Search the records for the string "with", and show each line where it appears.

::::::::::

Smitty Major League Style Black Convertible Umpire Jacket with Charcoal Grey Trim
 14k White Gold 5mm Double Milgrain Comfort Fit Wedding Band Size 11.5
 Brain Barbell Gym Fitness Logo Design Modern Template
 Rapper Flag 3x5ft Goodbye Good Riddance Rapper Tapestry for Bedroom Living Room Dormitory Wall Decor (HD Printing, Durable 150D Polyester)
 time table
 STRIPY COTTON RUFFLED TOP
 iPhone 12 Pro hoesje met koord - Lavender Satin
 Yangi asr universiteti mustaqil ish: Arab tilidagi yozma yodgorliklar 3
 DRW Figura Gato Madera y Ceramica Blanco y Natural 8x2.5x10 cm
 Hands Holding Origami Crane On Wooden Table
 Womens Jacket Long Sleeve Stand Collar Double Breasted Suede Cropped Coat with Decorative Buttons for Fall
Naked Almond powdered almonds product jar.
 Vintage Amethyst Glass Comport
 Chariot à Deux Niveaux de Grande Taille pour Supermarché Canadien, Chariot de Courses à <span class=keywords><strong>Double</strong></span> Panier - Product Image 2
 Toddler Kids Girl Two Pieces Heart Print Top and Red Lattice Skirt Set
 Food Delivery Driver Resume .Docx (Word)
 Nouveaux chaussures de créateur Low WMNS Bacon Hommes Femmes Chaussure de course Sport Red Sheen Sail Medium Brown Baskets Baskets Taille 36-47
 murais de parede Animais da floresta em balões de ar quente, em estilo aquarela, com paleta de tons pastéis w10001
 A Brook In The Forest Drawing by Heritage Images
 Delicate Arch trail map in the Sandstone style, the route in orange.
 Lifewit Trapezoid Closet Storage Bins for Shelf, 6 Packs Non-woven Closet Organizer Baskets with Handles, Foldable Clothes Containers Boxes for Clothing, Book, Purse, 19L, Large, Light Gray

::::::::::

**Answer box**
Smitty Major League Style Black Convertible Umpire Jacket with Charcoal Grey Trim
 Womens Jacket Long Sleeve Stand Collar Double Breasted Suede Cropped Coat with Decorative Buttons for Fall
 Lifewit Trapezoid Closet Storage Bins for Shelf, 6 Packs Non-woven Closet Organizer Baskets with Handles, Foldable Clothes Containers Boxes for Clothing, Book, Purse, 19L, Large, Light Gray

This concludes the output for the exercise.